Figure 7. Intrarectal inoculation of SHIV-1157ipEL-p.

Six monkeys were used in a repeated low-dose i.r. titration; the aim was to find a virus dose that resulted in systemic infection (defined as viral RNA ≥10⁴ copies/ml) after a maximum of five weekly i.r. inoculations. RM remaining uninfected at week 2 after the 5^th weekly low-dose virus challenge were given a single high-dose of SHIV-1157ipEL-p (1.5×10⁵ TCID₅₀). The green half-diamonds represent mean ± SD of 15 additional RM used in unpublished vaccine efficacy studies as unvaccinated controls; these animals were given maximally five weekly i.r. inoculations at 8,000 TCID₅₀. The horizontal dotted line indicates lower limit of detection (<50 viral RNA copies/ml).

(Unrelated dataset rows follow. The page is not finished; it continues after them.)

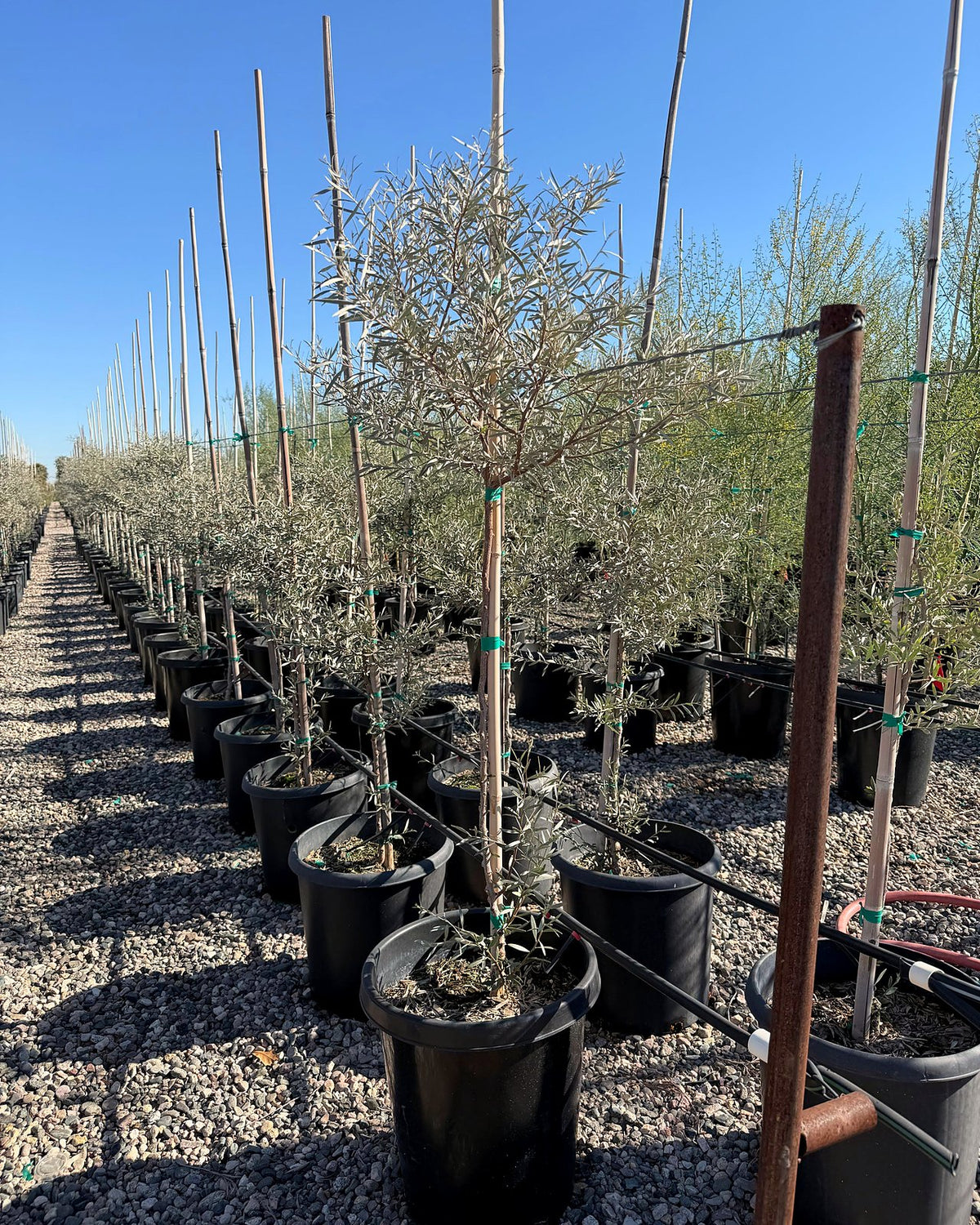 Mulga Acacia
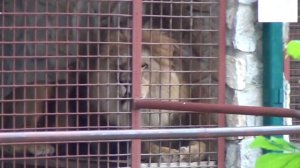 Лев Лёва скучает по львице Ксюше, рёв льва. Ряжский зоопарк. Lion, roar.
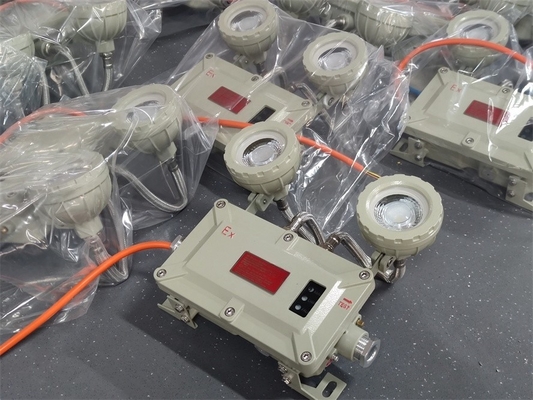 Zone 1 Flameproof Emergency Light 2*5Watt For Marine Applications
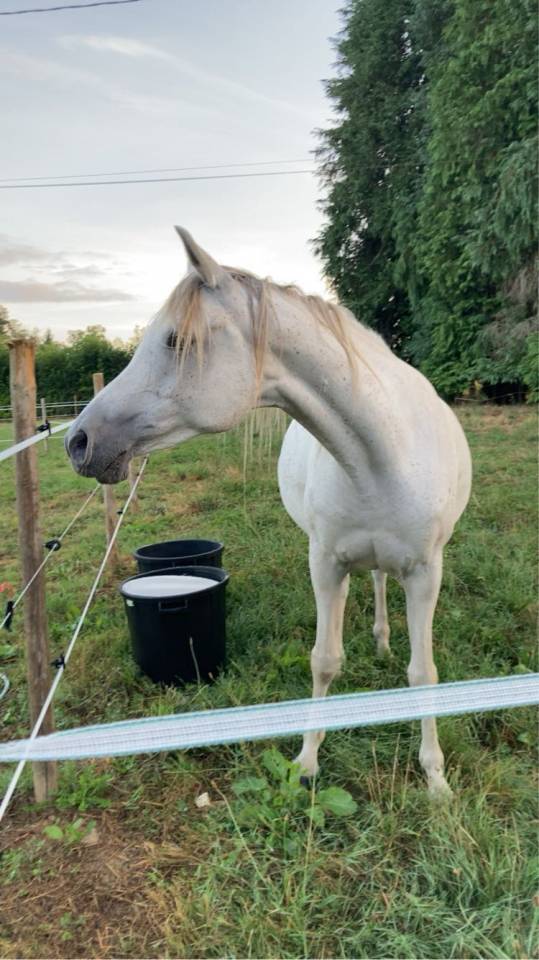 Jument pur sang arabe 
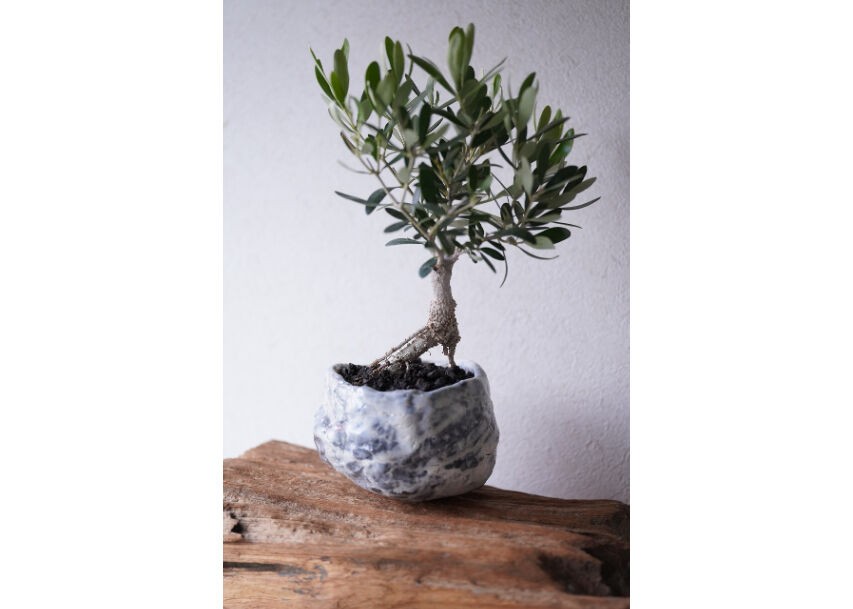 Olive Bonsai | mana's farm:塊根植物・アガベ・ドライガーデン植物販売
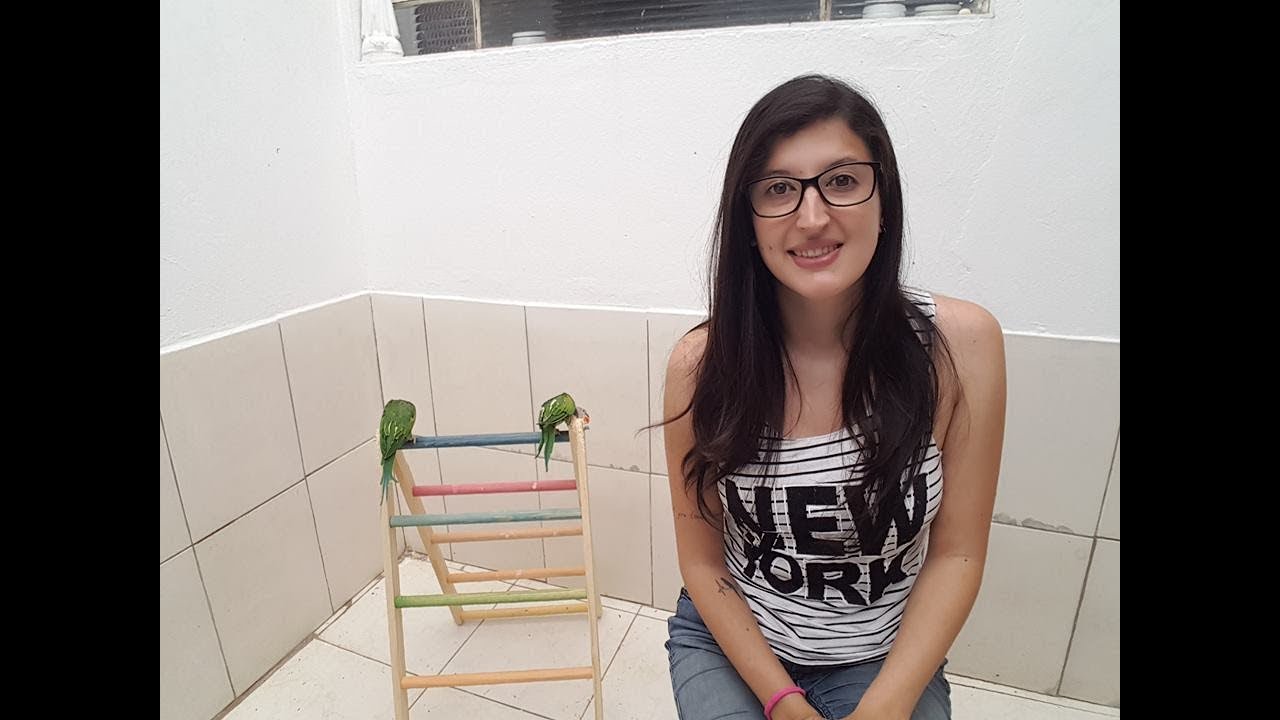 Quanto custa cada ave $$$ (parte 3) - UDP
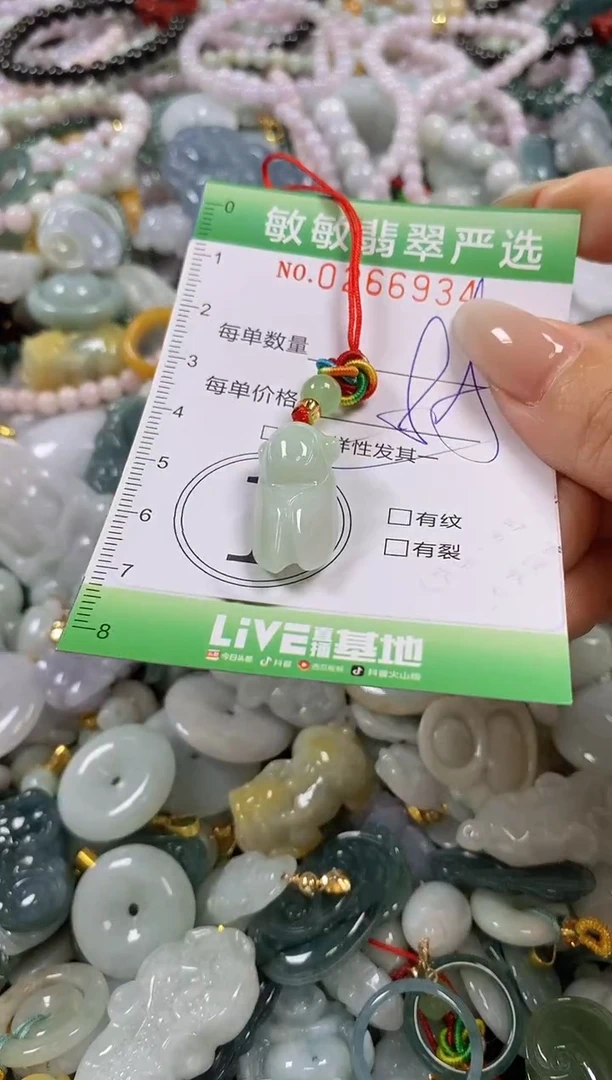 翡翠未镶嵌颈饰闪购0266934多样性发其一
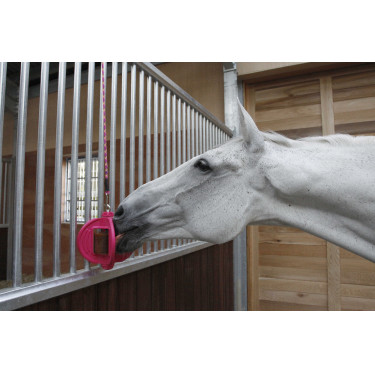 Giocattolo Bizzy Ball Likit Fucsia Rosa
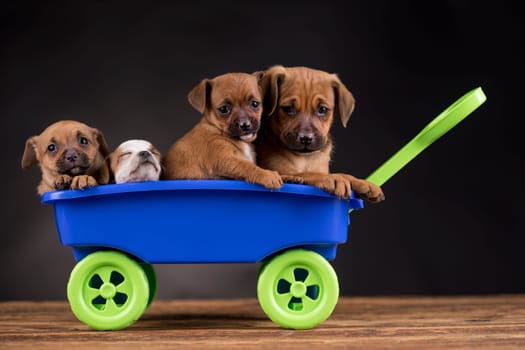 Beautiful little puppies in a toy wagon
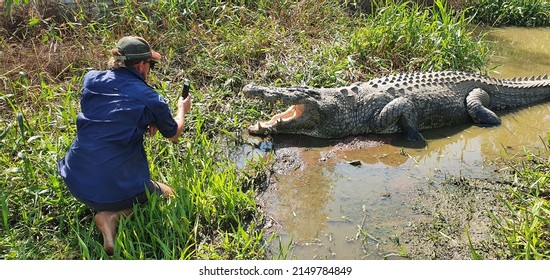 Crocodile Eating Python Darwin NT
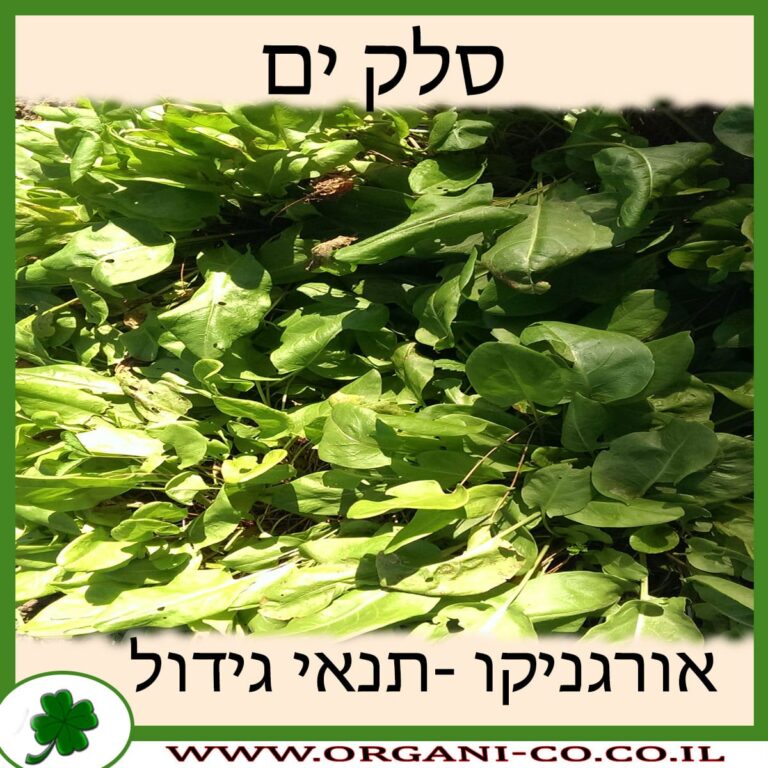 סלק ים סלק ים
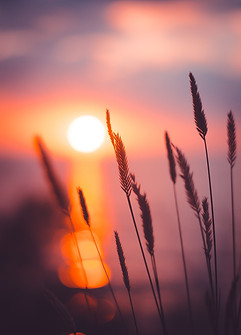 Image by Ann Savchenko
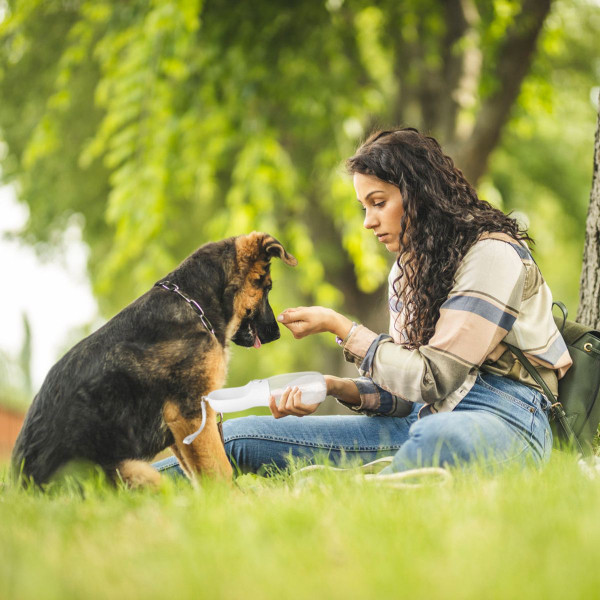 iMounTEK® 2-in-1 Portable Dog Water & Food Bottle product image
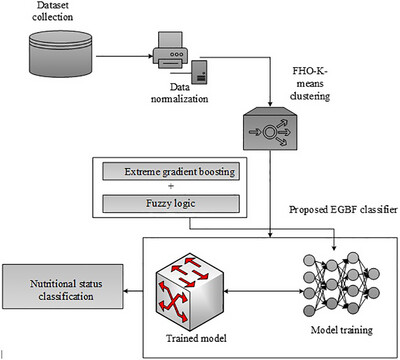 Advancing Nutritional Status Classification With Hybrid Artificial Intelligence: A Novel Methodological Approach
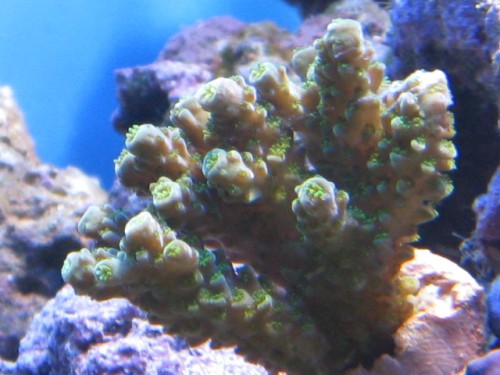 Acropora yongei_01.JPG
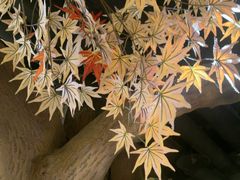 -城墙拐拐火锅(三峡广场黑金冠店)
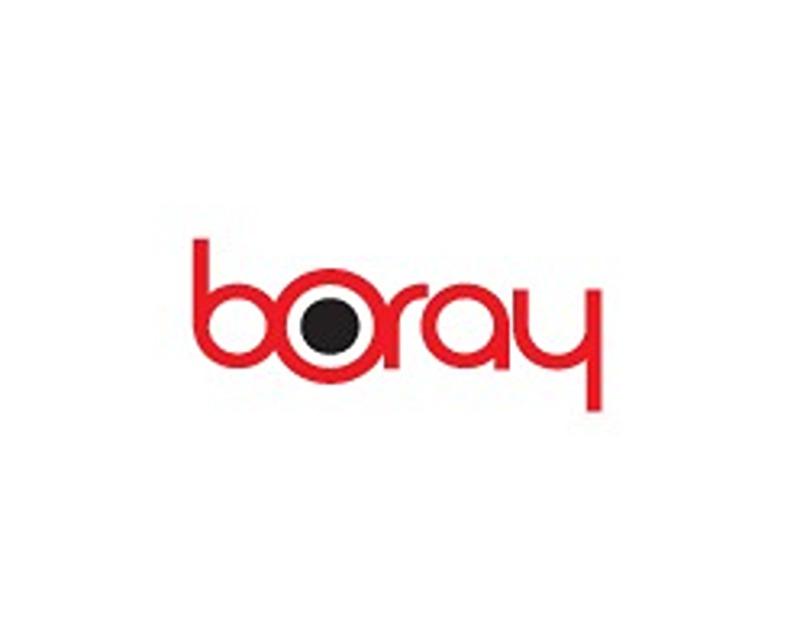 boray's logo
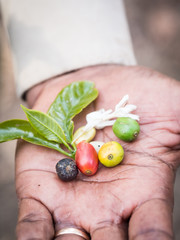 Four stages of a coffee cherry (green, yellow, red and black) along with fresh coffee bean, flower...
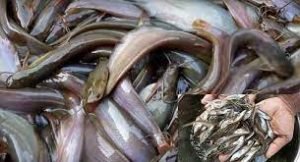 ভোলায় দেশি প্রজাতির বিভিন্ন মাছের চাষ হচ্ছে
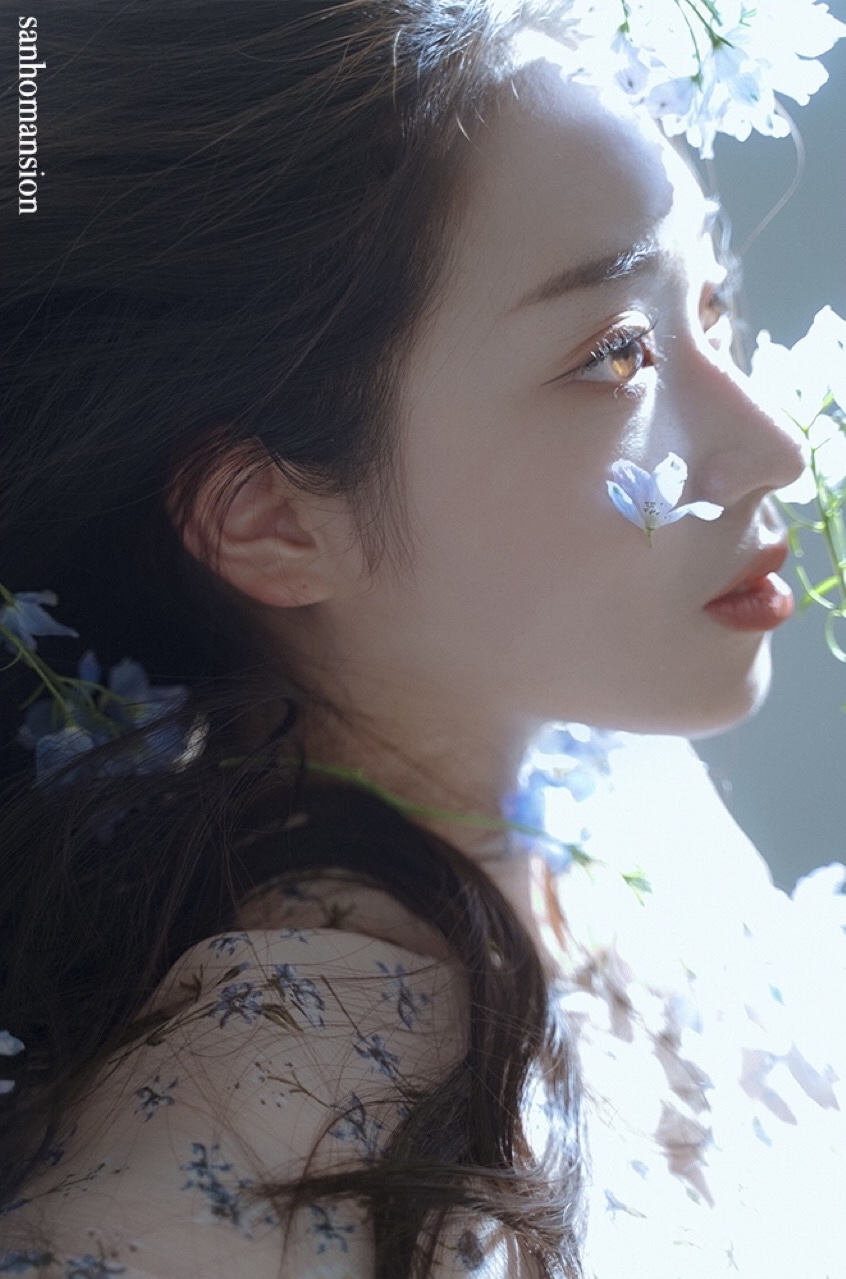 콘텐츠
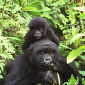 Mountain Gorillas Population Endangered, but Recovering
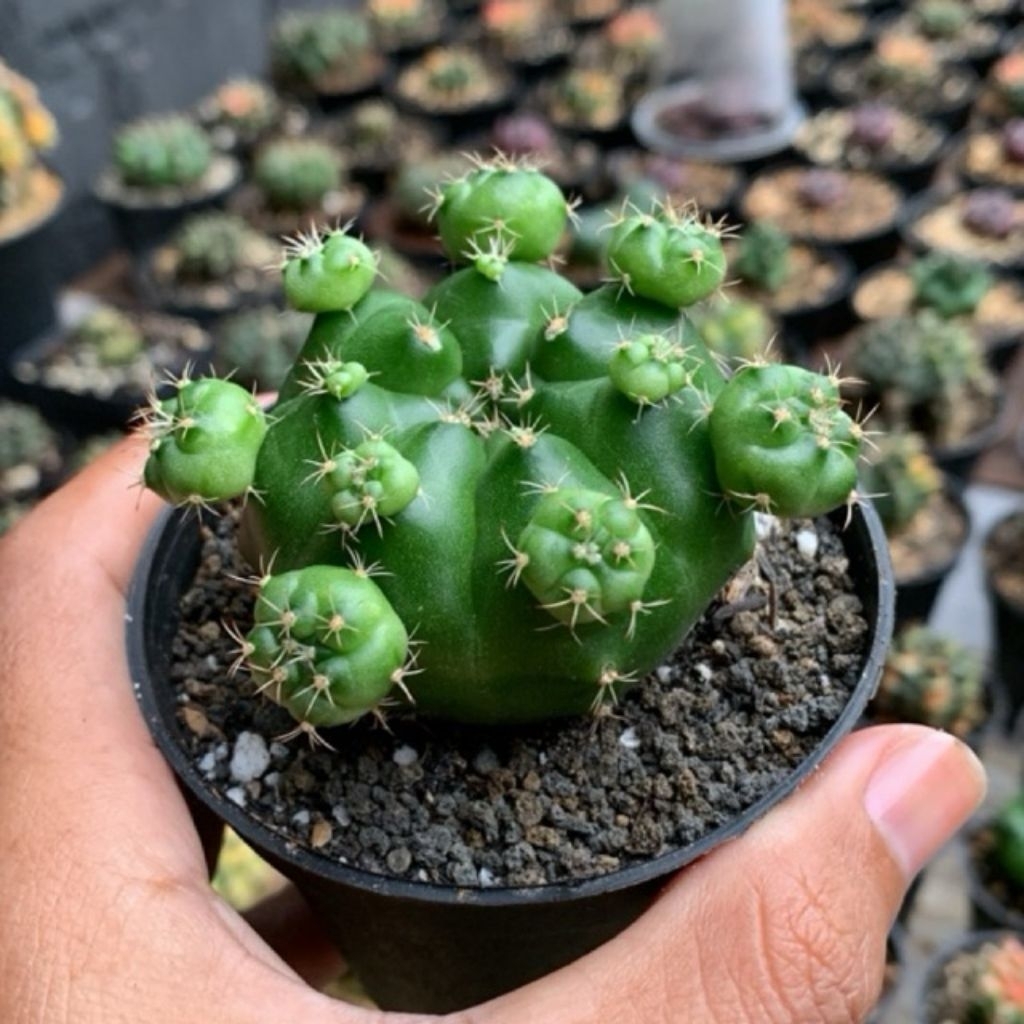 Kaktus Gymnocalycium Gymno Damsii Damsi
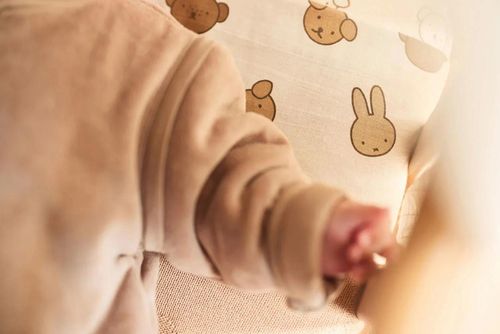 cumpără Haine pentru copii Jollein 065-548-68108 Sac de dormit fara maneci Velvet Oatmeal, 70cm în Chișinău 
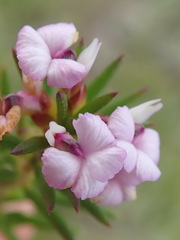 Muraltia knysnaensis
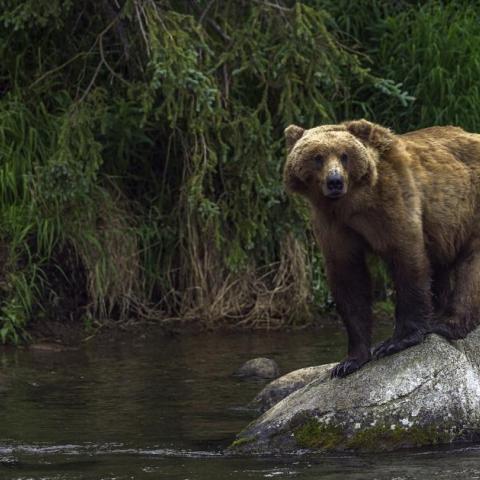 An image of a bear standing on a rock in the middle of a river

Figure 8. T-cell depletion during acute SHIV-1157ipEL-p viremia.

The percent CD4⁺ T cells in blood, lymph node and gut was estimated compared with cells from naïve monkeys (closed symbols). Biopsy specimens were collected during the acute phase of infection. Two of the 2-week time points were obtained from last two i.v.-inoculated RM used for viral adaptation, the remainder were collected from RM undergoing the 5x weekly i.r. challenge-dose titration. We assigned peak viremia as being week 2 after the pen-ultimate i.r. inoculation, the one that most likely was successful in achieving systemic infection. Individual time points are shown with different symbols (open squares, week 2; open triangles, week 5; open circles, week 12).